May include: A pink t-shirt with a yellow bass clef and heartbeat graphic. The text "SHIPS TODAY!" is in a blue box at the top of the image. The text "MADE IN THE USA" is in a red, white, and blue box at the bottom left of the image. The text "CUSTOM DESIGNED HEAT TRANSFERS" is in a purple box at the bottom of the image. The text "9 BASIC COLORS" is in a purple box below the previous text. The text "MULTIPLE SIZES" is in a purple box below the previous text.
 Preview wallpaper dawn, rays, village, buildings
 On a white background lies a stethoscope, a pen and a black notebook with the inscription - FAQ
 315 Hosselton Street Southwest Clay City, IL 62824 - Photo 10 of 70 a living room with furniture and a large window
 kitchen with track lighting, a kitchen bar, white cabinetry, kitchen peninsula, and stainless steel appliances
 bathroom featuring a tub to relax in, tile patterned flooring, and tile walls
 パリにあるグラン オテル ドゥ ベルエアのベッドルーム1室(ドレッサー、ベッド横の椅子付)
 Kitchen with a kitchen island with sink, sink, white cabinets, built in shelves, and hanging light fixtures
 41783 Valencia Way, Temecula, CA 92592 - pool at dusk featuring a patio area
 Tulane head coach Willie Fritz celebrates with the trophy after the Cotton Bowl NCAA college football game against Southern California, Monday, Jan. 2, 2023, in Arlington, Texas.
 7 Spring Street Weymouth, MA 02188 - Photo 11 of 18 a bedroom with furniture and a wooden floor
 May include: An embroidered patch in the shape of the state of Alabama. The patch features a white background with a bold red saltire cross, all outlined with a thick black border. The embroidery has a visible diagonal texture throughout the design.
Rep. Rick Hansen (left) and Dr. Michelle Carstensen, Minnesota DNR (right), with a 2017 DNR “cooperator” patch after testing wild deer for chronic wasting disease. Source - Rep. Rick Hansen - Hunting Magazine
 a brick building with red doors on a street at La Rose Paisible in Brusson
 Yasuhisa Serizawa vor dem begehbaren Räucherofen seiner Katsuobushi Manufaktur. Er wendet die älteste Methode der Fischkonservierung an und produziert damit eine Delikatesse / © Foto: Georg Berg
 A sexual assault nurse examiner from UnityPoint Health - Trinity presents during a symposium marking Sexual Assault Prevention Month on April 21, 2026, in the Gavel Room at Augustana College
###
▸ WHAT YOU NEED TO DO
Transcribe the listing in full, line by line.

▸ RESPONSE
May include: A pink t-shirt with a yellow bass clef and heartbeat graphic. The text "SHIPS TODAY!" is in a blue box at the top of the image. The text "MADE IN THE USA" is in a red, white, and blue box at the bottom left of the image. The text "CUSTOM DESIGNED HEAT TRANSFERS" is in a purple box at the bottom of the image. The text "9 BASIC COLORS" is in a purple box below the previous text. The text "MULTIPLE SIZES" is in a purple box below the previous text.
 Preview wallpaper dawn, rays, village, buildings
 On a white background lies a stethoscope, a pen and a black notebook with the inscription - FAQ
 315 Hosselton Street Southwest Clay City, IL 62824 - Photo 10 of 70 a living room with furniture and a large window
 kitchen with track lighting, a kitchen bar, white cabinetry, kitchen peninsula, and stainless steel appliances
 bathroom featuring a tub to relax in, tile patterned flooring, and tile walls
 パリにあるグラン オテル ドゥ ベルエアのベッドルーム1室(ドレッサー、ベッド横の椅子付)
 Kitchen with a kitchen island with sink, sink, white cabinets, built in shelves, and hanging light fixtures
 41783 Valencia Way, Temecula, CA 92592 - pool at dusk featuring a patio area
 Tulane head coach Willie Fritz celebrates with the trophy after the Cotton Bowl NCAA college football game against Southern California, Monday, Jan. 2, 2023, in Arlington, Texas.
 7 Spring Street Weymouth, MA 02188 - Photo 11 of 18 a bedroom with furniture and a wooden floor
 May include: An embroidered patch in the shape of the state of Alabama. The patch features a white background with a bold red saltire cross, all outlined with a thick black border. The embroidery has a visible diagonal texture throughout the design.
Rep. Rick Hansen (left) and Dr. Michelle Carstensen, Minnesota DNR (right), with a 2017 DNR “cooperator” patch after testing wild deer for chronic wasting disease. Source - Rep. Rick Hansen - Hunting Magazine
 a brick building with red doors on a street at La Rose Paisible in Brusson
 Yasuhisa Serizawa vor dem begehbaren Räucherofen seiner Katsuobushi Manufaktur. Er wendet die älteste Methode der Fischkonservierung an und produziert damit eine Delikatesse / © Foto: Georg Berg
 A sexual assault nurse examiner from UnityPoint Health - Trinity presents during a symposium marking Sexual Assault Prevention Month on April 21, 2026, in the Gavel Room at Augustana College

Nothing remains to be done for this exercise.